概要
休載の多さで有名なHUNTER×HUNTERだが、長い連載期間の中で最終回が考えられ、没になることもあった。
その中で実際に存在が確認された公式の没最終回をここで紹介する。
D案
2023年11月21日に放送されたテレビ番組『イワクラと吉住の番組』(テレビ朝日)内のコーナー「拝啓、中の人」で、冨樫義博が番組からの質問に手紙で回答する形で明かされた。
この時点での冨樫は、最終回候補としてA・B・Cの3パターンを想定しており、それぞれ読者からの反応を「賛成:反対」の比率で、Aは8:2、Bは賛否拮抗、Cは1:9と予想している。特にCは自身が最も好む結末であるものの、基本的にはこの3つに収まらないより面白い結末を目指していると語った。
その上で、「未完のまま私が死んだらこれが結末だったということで御容赦いただけますと幸いです」というメッセージと共に、3つの候補から漏れた「Dパターン」が番組内で紹介された。
ストーリー
池のほとりで釣りをする少女・ギン。突如、竿が大きくしなり、見事、池の主を釣り上げる。得意げに母親の元へ駆け寄り、「約束通り主を釣ったよ!これでハンターになれなんて言わないでしょ?」と訴える。母親は、主を釣り上げることでギンの狩猟本能を目覚めさせようとしていたのだ。
母親が父親に「途中で気が変わるかも」と話すと、姿の見えないギンが森の奥から「出ないからね!」と叫び返す。父親はそれを楽しげに見守る。

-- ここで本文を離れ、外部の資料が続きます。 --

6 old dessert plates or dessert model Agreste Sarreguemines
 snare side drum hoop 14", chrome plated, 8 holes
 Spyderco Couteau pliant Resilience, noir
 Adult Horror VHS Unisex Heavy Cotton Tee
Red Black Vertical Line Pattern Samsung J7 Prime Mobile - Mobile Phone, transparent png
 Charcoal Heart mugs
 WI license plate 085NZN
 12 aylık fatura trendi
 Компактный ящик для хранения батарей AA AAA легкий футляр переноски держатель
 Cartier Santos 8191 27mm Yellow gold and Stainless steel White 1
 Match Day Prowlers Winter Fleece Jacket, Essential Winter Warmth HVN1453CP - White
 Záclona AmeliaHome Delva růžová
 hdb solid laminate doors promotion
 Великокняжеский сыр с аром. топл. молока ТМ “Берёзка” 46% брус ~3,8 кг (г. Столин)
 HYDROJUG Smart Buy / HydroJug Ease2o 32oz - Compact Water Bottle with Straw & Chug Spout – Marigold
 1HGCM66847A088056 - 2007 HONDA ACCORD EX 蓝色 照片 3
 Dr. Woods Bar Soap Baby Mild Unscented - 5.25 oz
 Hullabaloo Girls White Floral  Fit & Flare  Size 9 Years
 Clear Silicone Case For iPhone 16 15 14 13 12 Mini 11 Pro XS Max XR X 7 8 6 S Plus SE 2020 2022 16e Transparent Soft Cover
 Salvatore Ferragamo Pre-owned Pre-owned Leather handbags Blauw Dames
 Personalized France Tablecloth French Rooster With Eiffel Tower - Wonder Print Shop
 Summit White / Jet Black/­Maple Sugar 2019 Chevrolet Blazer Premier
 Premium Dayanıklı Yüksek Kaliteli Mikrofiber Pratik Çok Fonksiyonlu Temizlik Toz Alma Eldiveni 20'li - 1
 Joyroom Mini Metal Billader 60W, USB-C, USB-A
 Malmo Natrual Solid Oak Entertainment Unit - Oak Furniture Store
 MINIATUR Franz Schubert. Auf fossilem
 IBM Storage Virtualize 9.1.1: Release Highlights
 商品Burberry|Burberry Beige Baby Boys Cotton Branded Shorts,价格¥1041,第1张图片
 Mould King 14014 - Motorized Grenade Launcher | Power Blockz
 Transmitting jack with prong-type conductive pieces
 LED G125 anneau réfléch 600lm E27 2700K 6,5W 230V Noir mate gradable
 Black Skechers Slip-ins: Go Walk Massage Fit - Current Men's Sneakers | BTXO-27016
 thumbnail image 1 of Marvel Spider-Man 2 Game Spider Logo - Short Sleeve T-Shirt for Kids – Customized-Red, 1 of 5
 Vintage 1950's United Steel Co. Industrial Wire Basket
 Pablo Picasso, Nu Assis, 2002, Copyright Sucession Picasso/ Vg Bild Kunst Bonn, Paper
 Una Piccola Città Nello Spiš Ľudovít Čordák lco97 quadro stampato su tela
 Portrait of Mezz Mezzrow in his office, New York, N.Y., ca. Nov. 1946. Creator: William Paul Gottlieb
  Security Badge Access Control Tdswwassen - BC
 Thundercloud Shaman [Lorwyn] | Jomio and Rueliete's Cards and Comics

舞台は変わり、ミトの代から続く店で、ギンは釣り上げた主を下ごしらえしている。彼女は、祖父であるゴンのようにハンターとして旅立つことを拒んでいた。ゴンがハンター時代の思い出を語る時、祖母がさりげなく席を外していたこと、ノウコばばの相槌が伝言であり、ゴンのそばにいられなかった寂しさを滲ませていたことを思い出し、誰かの帰りを待ち続ける辛さ、そして誰かを待たせる辛さを味わいたくないと強く決意する。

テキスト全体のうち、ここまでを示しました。